PROBLEM TO SOLVE:
Every entry below must appear again, exactly as written.

DATA SUPPLIED:
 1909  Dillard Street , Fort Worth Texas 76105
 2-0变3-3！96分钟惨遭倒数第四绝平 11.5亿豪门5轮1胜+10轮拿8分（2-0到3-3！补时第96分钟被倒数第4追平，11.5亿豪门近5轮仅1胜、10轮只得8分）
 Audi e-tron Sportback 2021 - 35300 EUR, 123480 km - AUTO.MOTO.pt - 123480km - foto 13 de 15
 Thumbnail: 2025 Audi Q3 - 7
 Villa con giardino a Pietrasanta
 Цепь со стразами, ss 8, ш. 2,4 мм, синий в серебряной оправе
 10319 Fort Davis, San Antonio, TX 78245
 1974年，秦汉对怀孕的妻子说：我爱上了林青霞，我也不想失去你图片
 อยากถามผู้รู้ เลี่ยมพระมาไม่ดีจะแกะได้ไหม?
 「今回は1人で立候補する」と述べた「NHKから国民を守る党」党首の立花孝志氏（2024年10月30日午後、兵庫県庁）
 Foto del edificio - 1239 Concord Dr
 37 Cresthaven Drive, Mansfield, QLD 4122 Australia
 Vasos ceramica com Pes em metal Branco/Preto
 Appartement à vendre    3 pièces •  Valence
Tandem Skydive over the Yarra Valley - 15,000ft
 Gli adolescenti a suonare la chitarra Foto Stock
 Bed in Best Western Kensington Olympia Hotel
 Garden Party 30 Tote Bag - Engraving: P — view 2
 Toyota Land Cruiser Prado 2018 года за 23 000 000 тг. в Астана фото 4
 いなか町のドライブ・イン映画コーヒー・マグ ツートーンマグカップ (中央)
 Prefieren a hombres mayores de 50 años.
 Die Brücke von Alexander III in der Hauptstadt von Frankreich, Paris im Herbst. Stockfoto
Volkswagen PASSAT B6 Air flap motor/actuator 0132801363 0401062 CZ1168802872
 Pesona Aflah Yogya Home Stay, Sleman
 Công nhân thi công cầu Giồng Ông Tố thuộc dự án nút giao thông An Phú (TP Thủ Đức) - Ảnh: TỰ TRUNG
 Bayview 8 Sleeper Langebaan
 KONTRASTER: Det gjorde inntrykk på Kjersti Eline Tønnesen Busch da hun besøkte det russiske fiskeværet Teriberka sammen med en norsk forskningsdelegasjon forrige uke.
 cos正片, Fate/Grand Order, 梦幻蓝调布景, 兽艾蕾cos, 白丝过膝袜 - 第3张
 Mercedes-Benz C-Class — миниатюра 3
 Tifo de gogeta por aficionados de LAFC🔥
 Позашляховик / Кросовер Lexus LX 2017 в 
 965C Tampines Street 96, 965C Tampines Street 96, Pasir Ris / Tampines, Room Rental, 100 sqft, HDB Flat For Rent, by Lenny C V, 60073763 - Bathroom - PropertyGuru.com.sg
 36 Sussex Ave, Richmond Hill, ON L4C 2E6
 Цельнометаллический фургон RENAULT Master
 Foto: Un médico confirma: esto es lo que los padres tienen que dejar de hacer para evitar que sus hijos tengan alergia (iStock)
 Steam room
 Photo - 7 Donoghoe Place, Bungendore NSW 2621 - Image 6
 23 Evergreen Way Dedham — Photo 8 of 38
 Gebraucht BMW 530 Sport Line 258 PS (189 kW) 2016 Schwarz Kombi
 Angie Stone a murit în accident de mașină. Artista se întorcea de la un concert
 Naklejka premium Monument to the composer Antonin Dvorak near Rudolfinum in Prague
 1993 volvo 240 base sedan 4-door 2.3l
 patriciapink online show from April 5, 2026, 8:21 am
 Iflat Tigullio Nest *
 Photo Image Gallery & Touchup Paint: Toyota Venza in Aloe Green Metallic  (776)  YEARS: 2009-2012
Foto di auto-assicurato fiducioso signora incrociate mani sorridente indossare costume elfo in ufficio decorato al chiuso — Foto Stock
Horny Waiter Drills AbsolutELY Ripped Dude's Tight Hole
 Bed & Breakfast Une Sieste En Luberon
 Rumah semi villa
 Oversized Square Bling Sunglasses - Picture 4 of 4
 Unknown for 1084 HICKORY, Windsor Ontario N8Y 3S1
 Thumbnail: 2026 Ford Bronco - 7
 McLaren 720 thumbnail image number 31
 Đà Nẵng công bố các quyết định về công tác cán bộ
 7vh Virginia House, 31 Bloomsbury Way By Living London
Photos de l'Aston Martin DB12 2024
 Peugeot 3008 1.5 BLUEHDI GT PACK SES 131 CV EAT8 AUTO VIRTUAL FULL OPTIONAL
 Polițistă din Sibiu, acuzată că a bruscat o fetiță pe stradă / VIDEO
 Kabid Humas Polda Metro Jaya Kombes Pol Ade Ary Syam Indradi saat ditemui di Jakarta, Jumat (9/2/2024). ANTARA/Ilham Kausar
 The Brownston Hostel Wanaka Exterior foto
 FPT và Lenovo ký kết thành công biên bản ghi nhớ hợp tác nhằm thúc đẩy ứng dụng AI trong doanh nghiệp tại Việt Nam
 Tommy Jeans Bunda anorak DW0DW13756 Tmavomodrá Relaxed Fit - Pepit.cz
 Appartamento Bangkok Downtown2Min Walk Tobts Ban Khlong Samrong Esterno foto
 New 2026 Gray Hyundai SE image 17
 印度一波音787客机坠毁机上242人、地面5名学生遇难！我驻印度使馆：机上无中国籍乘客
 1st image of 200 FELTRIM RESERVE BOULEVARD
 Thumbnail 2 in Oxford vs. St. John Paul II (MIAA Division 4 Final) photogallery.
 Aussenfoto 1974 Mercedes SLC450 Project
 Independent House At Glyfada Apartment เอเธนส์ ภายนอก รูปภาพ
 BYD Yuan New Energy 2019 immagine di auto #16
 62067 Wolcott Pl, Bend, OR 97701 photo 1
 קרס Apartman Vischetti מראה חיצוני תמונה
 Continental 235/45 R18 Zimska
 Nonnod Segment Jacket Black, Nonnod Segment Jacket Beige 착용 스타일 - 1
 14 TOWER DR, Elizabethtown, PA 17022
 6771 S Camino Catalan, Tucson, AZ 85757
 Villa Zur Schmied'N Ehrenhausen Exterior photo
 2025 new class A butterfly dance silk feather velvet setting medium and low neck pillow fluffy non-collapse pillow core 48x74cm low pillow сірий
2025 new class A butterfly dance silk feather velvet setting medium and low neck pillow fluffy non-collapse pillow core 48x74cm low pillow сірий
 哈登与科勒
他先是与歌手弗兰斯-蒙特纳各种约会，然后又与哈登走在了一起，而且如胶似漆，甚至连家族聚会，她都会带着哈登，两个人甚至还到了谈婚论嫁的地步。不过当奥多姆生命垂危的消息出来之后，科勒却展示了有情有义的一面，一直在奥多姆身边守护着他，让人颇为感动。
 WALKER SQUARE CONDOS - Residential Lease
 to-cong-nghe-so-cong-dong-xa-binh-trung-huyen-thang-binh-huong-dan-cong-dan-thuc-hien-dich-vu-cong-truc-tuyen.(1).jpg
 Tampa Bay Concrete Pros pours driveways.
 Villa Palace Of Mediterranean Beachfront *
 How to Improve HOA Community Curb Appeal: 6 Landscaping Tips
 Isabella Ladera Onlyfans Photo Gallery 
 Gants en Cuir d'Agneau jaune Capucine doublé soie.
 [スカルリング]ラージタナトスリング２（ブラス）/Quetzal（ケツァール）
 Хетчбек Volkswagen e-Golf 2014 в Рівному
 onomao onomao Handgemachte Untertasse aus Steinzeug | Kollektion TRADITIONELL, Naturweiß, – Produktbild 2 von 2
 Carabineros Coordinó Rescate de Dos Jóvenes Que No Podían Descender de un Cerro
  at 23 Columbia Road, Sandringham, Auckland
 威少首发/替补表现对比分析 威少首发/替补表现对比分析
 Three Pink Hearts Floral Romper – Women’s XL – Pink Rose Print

RESULT OF THE EXERCISE:
 1909  Dillard Street , Fort Worth Texas 76105
 2-0变3-3！96分钟惨遭倒数第四绝平 11.5亿豪门5轮1胜+10轮拿8分（2-0到3-3！补时第96分钟被倒数第4追平，11.5亿豪门近5轮仅1胜、10轮只得8分）
 Audi e-tron Sportback 2021 - 35300 EUR, 123480 km - AUTO.MOTO.pt - 123480km - foto 13 de 15
 Thumbnail: 2025 Audi Q3 - 7
 Villa con giardino a Pietrasanta
 Цепь со стразами, ss 8, ш. 2,4 мм, синий в серебряной оправе
 10319 Fort Davis, San Antonio, TX 78245
 1974年，秦汉对怀孕的妻子说：我爱上了林青霞，我也不想失去你图片
 อยากถามผู้รู้ เลี่ยมพระมาไม่ดีจะแกะได้ไหม?
 「今回は1人で立候補する」と述べた「NHKから国民を守る党」党首の立花孝志氏（2024年10月30日午後、兵庫県庁）
 Foto del edificio - 1239 Concord Dr
 37 Cresthaven Drive, Mansfield, QLD 4122 Australia
 Vasos ceramica com Pes em metal Branco/Preto
 Appartement à vendre    3 pièces •  Valence
Tandem Skydive over the Yarra Valley - 15,000ft
 Gli adolescenti a suonare la chitarra Foto Stock
 Bed in Best Western Kensington Olympia Hotel
 Garden Party 30 Tote Bag - Engraving: P — view 2
 Toyota Land Cruiser Prado 2018 года за 23 000 000 тг. в Астана фото 4
 いなか町のドライブ・イン映画コーヒー・マグ ツートーンマグカップ (中央)
 Prefieren a hombres mayores de 50 años.
 Die Brücke von Alexander III in der Hauptstadt von Frankreich, Paris im Herbst. Stockfoto
Volkswagen PASSAT B6 Air flap motor/actuator 0132801363 0401062 CZ1168802872
 Pesona Aflah Yogya Home Stay, Sleman
 Công nhân thi công cầu Giồng Ông Tố thuộc dự án nút giao thông An Phú (TP Thủ Đức) - Ảnh: TỰ TRUNG
 Bayview 8 Sleeper Langebaan
 KONTRASTER: Det gjorde inntrykk på Kjersti Eline Tønnesen Busch da hun besøkte det russiske fiskeværet Teriberka sammen med en norsk forskningsdelegasjon forrige uke.
 cos正片, Fate/Grand Order, 梦幻蓝调布景, 兽艾蕾cos, 白丝过膝袜 - 第3张
 Mercedes-Benz C-Class — миниатюра 3
 Tifo de gogeta por aficionados de LAFC🔥
 Позашляховик / Кросовер Lexus LX 2017 в 
 965C Tampines Street 96, 965C Tampines Street 96, Pasir Ris / Tampines, Room Rental, 100 sqft, HDB Flat For Rent, by Lenny C V, 60073763 - Bathroom - PropertyGuru.com.sg
 36 Sussex Ave, Richmond Hill, ON L4C 2E6
 Цельнометаллический фургон RENAULT Master
 Foto: Un médico confirma: esto es lo que los padres tienen que dejar de hacer para evitar que sus hijos tengan alergia (iStock)
 Steam room
 Photo - 7 Donoghoe Place, Bungendore NSW 2621 - Image 6
 23 Evergreen Way Dedham — Photo 8 of 38
 Gebraucht BMW 530 Sport Line 258 PS (189 kW) 2016 Schwarz Kombi
 Angie Stone a murit în accident de mașină. Artista se întorcea de la un concert
 Naklejka premium Monument to the composer Antonin Dvorak near Rudolfinum in Prague
 1993 volvo 240 base sedan 4-door 2.3l
 patriciapink online show from April 5, 2026, 8:21 am
 Iflat Tigullio Nest *
 Photo Image Gallery & Touchup Paint: Toyota Venza in Aloe Green Metallic  (776)  YEARS: 2009-2012
Foto di auto-assicurato fiducioso signora incrociate mani sorridente indossare costume elfo in ufficio decorato al chiuso — Foto Stock
Horny Waiter Drills AbsolutELY Ripped Dude's Tight Hole
 Bed & Breakfast Une Sieste En Luberon
 Rumah semi villa
 Oversized Square Bling Sunglasses - Picture 4 of 4
 Unknown for 1084 HICKORY, Windsor Ontario N8Y 3S1
 Thumbnail: 2026 Ford Bronco - 7
 McLaren 720 thumbnail image number 31
 Đà Nẵng công bố các quyết định về công tác cán bộ
 7vh Virginia House, 31 Bloomsbury Way By Living London
Photos de l'Aston Martin DB12 2024
 Peugeot 3008 1.5 BLUEHDI GT PACK SES 131 CV EAT8 AUTO VIRTUAL FULL OPTIONAL
 Polițistă din Sibiu, acuzată că a bruscat o fetiță pe stradă / VIDEO
 Kabid Humas Polda Metro Jaya Kombes Pol Ade Ary Syam Indradi saat ditemui di Jakarta, Jumat (9/2/2024). ANTARA/Ilham Kausar
 The Brownston Hostel Wanaka Exterior foto
 FPT và Lenovo ký kết thành công biên bản ghi nhớ hợp tác nhằm thúc đẩy ứng dụng AI trong doanh nghiệp tại Việt Nam
 Tommy Jeans Bunda anorak DW0DW13756 Tmavomodrá Relaxed Fit - Pepit.cz
 Appartamento Bangkok Downtown2Min Walk Tobts Ban Khlong Samrong Esterno foto
 New 2026 Gray Hyundai SE image 17
 印度一波音787客机坠毁机上242人、地面5名学生遇难！我驻印度使馆：机上无中国籍乘客
 1st image of 200 FELTRIM RESERVE BOULEVARD
 Thumbnail 2 in Oxford vs. St. John Paul II (MIAA Division 4 Final) photogallery.
 Aussenfoto 1974 Mercedes SLC450 Project
 Independent House At Glyfada Apartment เอเธนส์ ภายนอก รูปภาพ
 BYD Yuan New Energy 2019 immagine di auto #16
 62067 Wolcott Pl, Bend, OR 97701 photo 1
 קרס Apartman Vischetti מראה חיצוני תמונה
 Continental 235/45 R18 Zimska
 Nonnod Segment Jacket Black, Nonnod Segment Jacket Beige 착용 스타일 - 1
 14 TOWER DR, Elizabethtown, PA 17022
 6771 S Camino Catalan, Tucson, AZ 85757
 Villa Zur Schmied'N Ehrenhausen Exterior photo
 2025 new class A butterfly dance silk feather velvet setting medium and low neck pillow fluffy non-collapse pillow core 48x74cm low pillow сірий
2025 new class A butterfly dance silk feather velvet setting medium and low neck pillow fluffy non-collapse pillow core 48x74cm low pillow сірий
 哈登与科勒
他先是与歌手弗兰斯-蒙特纳各种约会，然后又与哈登走在了一起，而且如胶似漆，甚至连家族聚会，她都会带着哈登，两个人甚至还到了谈婚论嫁的地步。不过当奥多姆生命垂危的消息出来之后，科勒却展示了有情有义的一面，一直在奥多姆身边守护着他，让人颇为感动。
 WALKER SQUARE CONDOS - Residential Lease
 to-cong-nghe-so-cong-dong-xa-binh-trung-huyen-thang-binh-huong-dan-cong-dan-thuc-hien-dich-vu-cong-truc-tuyen.(1).jpg
 Tampa Bay Concrete Pros pours driveways.
 Villa Palace Of Mediterranean Beachfront *
 How to Improve HOA Community Curb Appeal: 6 Landscaping Tips
 Isabella Ladera Onlyfans Photo Gallery 
 Gants en Cuir d'Agneau jaune Capucine doublé soie.
 [スカルリング]ラージタナトスリング２（ブラス）/Quetzal（ケツァール）
 Хетчбек Volkswagen e-Golf 2014 в Рівному
 onomao onomao Handgemachte Untertasse aus Steinzeug | Kollektion TRADITIONELL, Naturweiß, – Produktbild 2 von 2
 Carabineros Coordinó Rescate de Dos Jóvenes Que No Podían Descender de un Cerro
  at 23 Columbia Road, Sandringham, Auckland
 威少首发/替补表现对比分析 威少首发/替补表现对比分析
 Three Pink Hearts Floral Romper – Women’s XL – Pink Rose Print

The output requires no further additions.